You can also run the job using v1 SDK as below

In [None]:
from azureml.core import Workspace, Experiment, Environment,ScriptRunConfig
# from azureml.widgets import RunDetails
from azureml.core.compute import ComputeTarget, AmlCompute
from azureml.core.compute_target import ComputeTargetException
from azureml.core.runconfig import RunConfiguration
from azureml.core.conda_dependencies import CondaDependencies
from azureml.core.runconfig import DockerConfiguration,RunConfiguration

#Remember the AML job has to have distribted setings (MPI type) for ray-on-aml to work correctly.
ws = Workspace.from_config()
compute_cluster = 'gpunc6' #This can be another cluster different from the interactive cluster. 
ray_cluster = ComputeTarget(workspace=ws, name=compute_cluster)

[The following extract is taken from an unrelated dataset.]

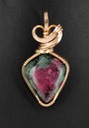 ruby in zoisite wire wrapped sculpted 14k gold filled cab cabochon pendant jewelry
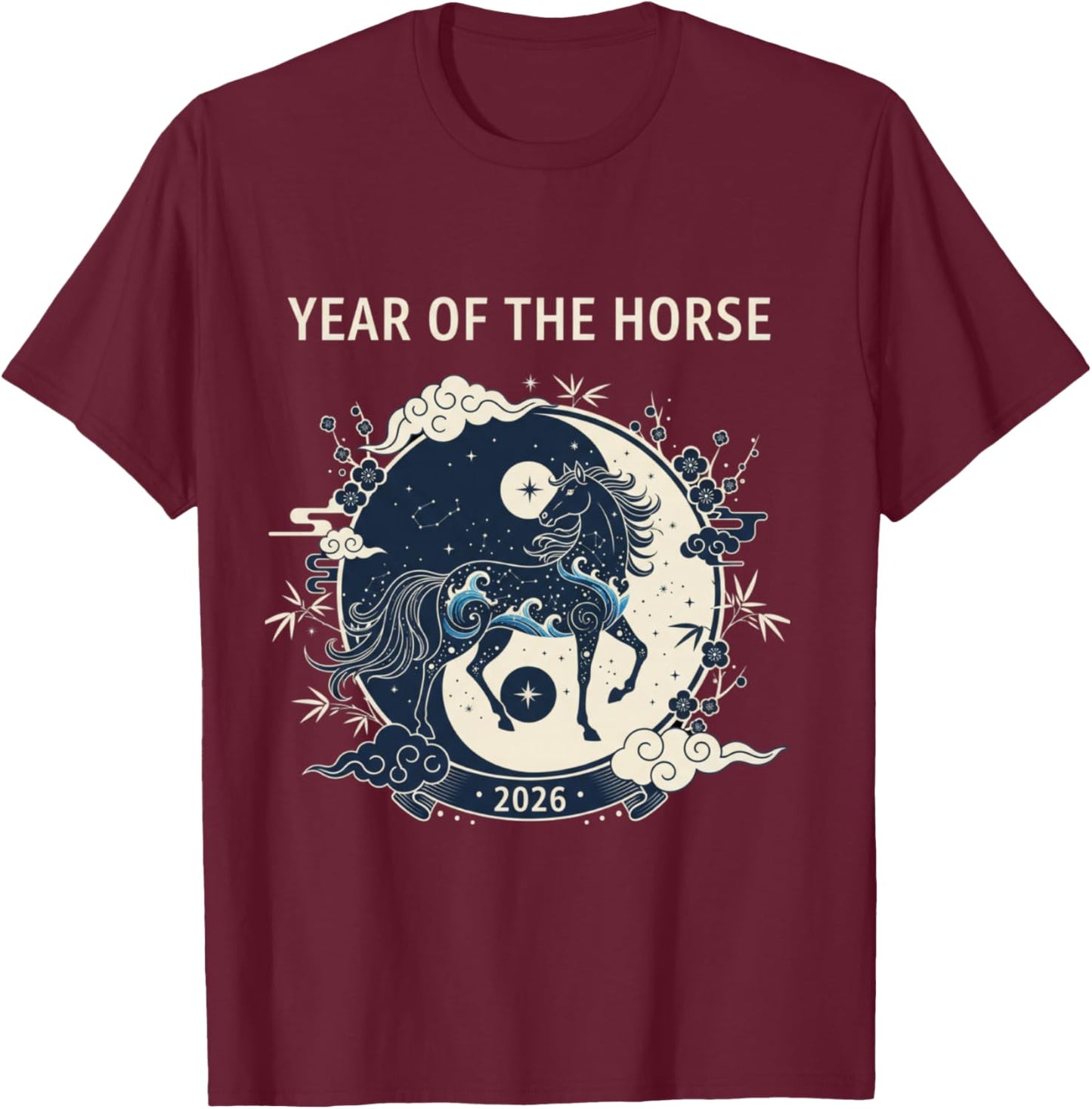 Chinese New Year 2026 Year of the Horse T-Shirt - T-Shirt | Maroon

aml_run_config_ml = RunConfiguration(communicator='OpenMpi')
docker_config = DockerConfiguration(use_docker=True, shm_size='48gb')

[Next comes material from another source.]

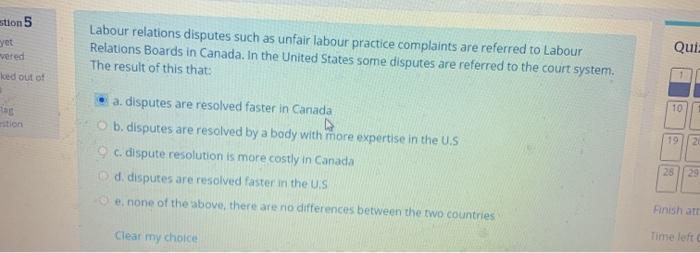 stion 5 yet vered Labour relations disputes such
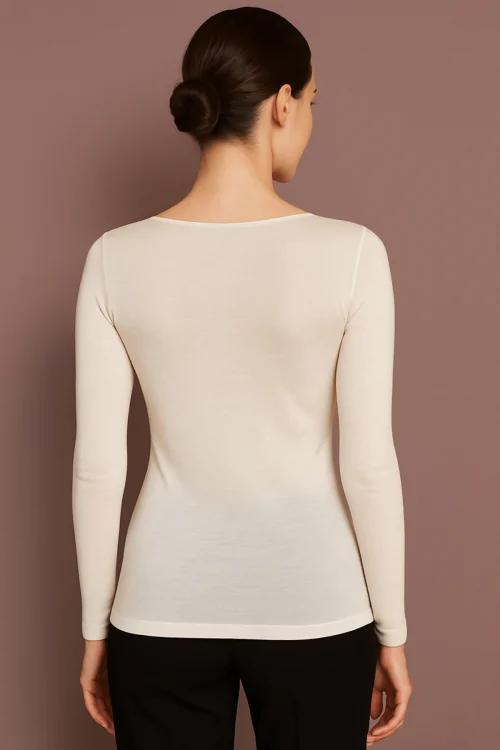 Maglia donna lana seta – manica lunga e scollo ampio Ragno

rayEnv = Environment.from_conda_specification(name = "RLEnv",
                                             file_path = "conda.yml")
rayEnv.docker.base_image = "mcr.microsoft.com/azureml/openmpi4.1.0-cuda11.1-cudnn8-ubuntu18.04:20220412.v1"

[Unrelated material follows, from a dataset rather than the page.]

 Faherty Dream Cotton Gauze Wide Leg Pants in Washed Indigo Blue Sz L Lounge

aml_run_config_ml.target = ray_cluster
aml_run_config_ml.node_count = 2
aml_run_config_ml.environment = rayEnv
aml_run_config_ml.docker =docker_config

src = ScriptRunConfig(source_directory='.',
                    script='distributed_ml.py',
                    run_config = aml_run_config_ml,
                   )

run = Experiment(ws, "distributed_ml").submit(src)


In [None]:
from azureml.widgets import RunDetails
RunDetails(run).show()